_ASSIGNMENT_:
Please reproduce the entries below exactly from the line with "Technoblade Never Dies" through their last line, leaving out any pictures.

_DATASET EXCERPTS_:
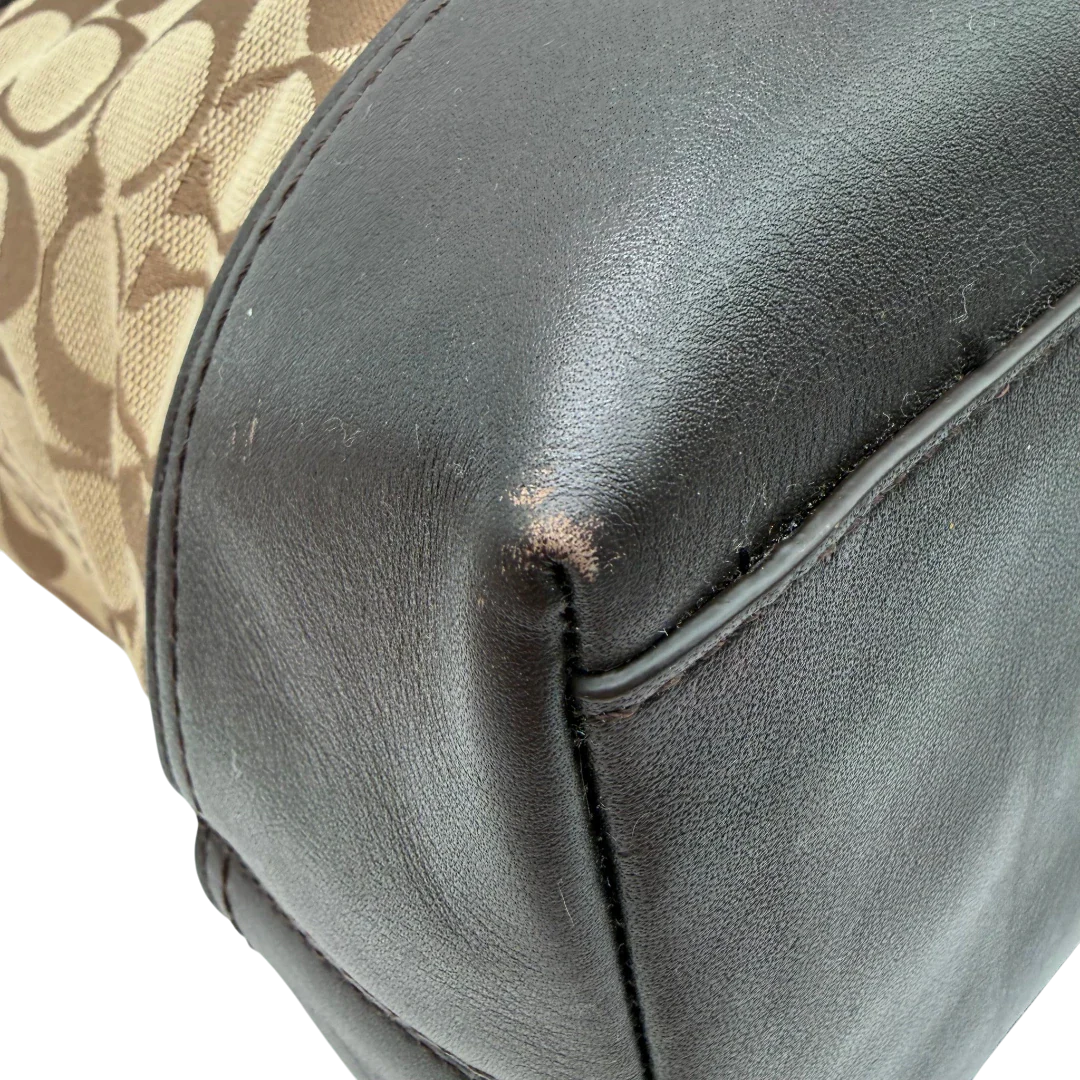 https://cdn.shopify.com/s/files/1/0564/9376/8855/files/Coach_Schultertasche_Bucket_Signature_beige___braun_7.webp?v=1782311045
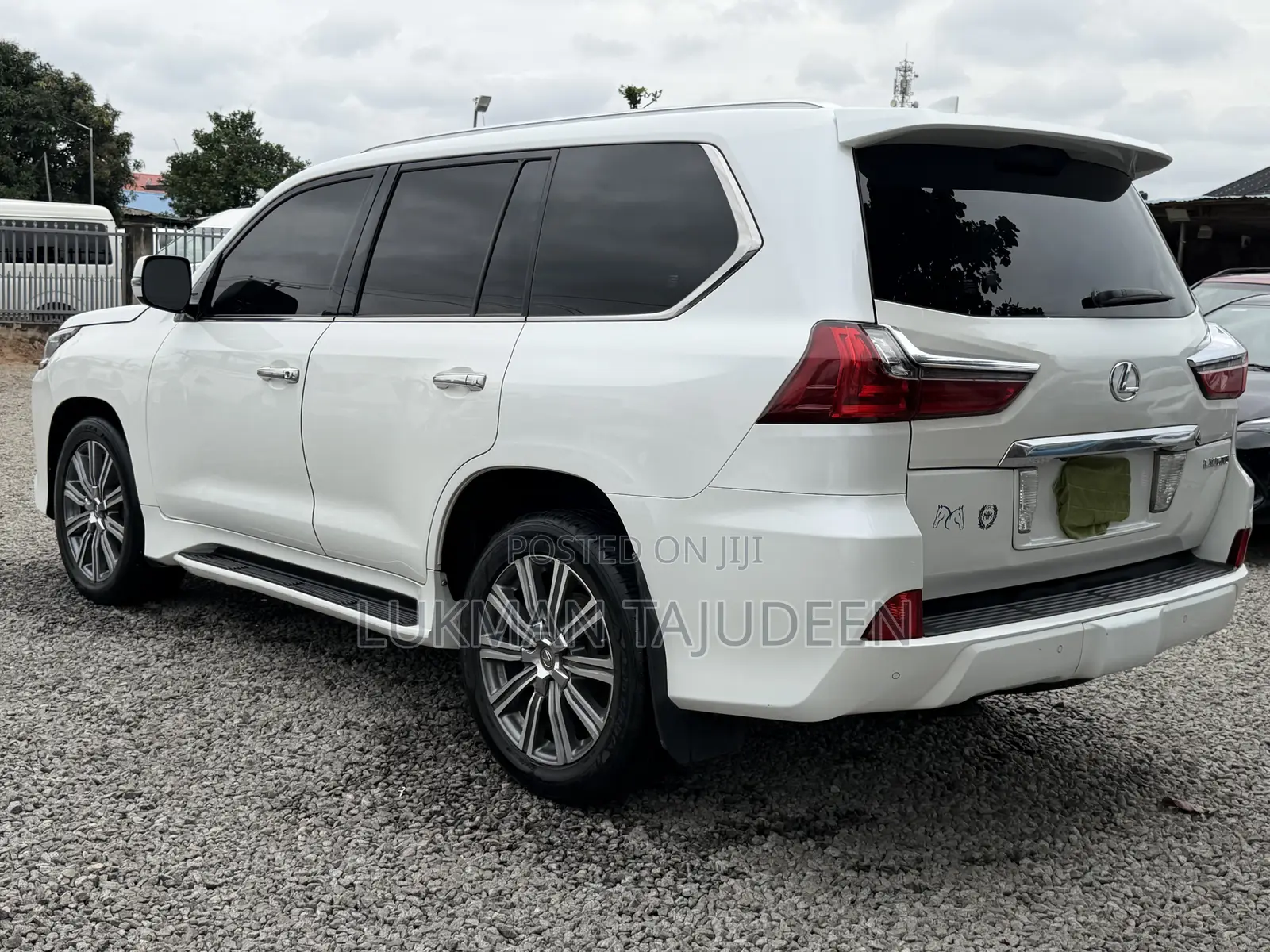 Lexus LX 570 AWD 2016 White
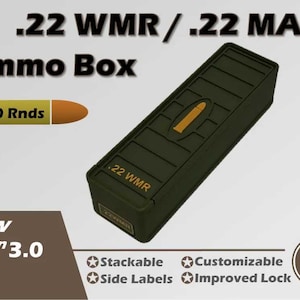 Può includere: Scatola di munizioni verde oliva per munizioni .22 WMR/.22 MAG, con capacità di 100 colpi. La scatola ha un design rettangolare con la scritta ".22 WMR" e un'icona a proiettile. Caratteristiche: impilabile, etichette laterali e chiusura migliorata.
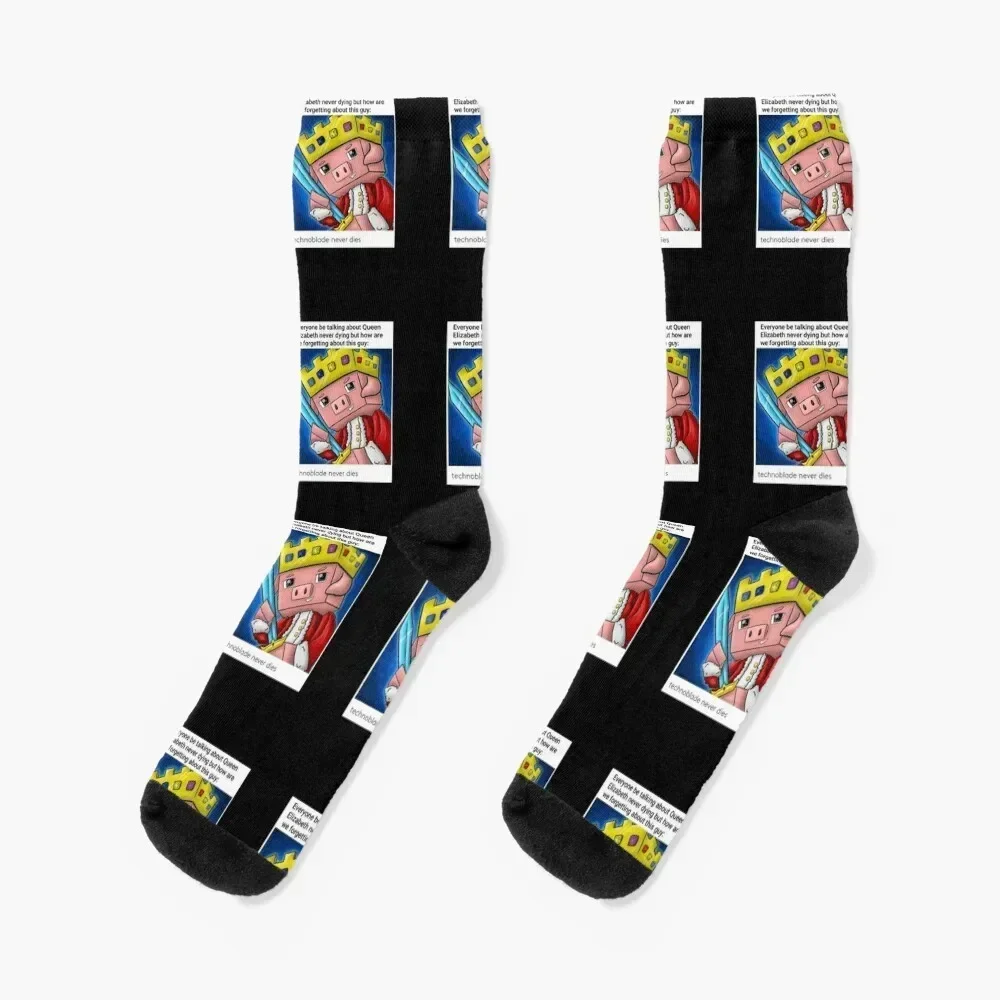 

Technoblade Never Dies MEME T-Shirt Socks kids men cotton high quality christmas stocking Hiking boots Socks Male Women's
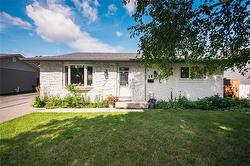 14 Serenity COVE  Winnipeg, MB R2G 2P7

_FINISHED TASK_:
Technoblade Never Dies MEME T-Shirt Socks kids men cotton high quality christmas stocking Hiking boots Socks Male Women's
 14 Serenity COVE  Winnipeg, MB R2G 2P7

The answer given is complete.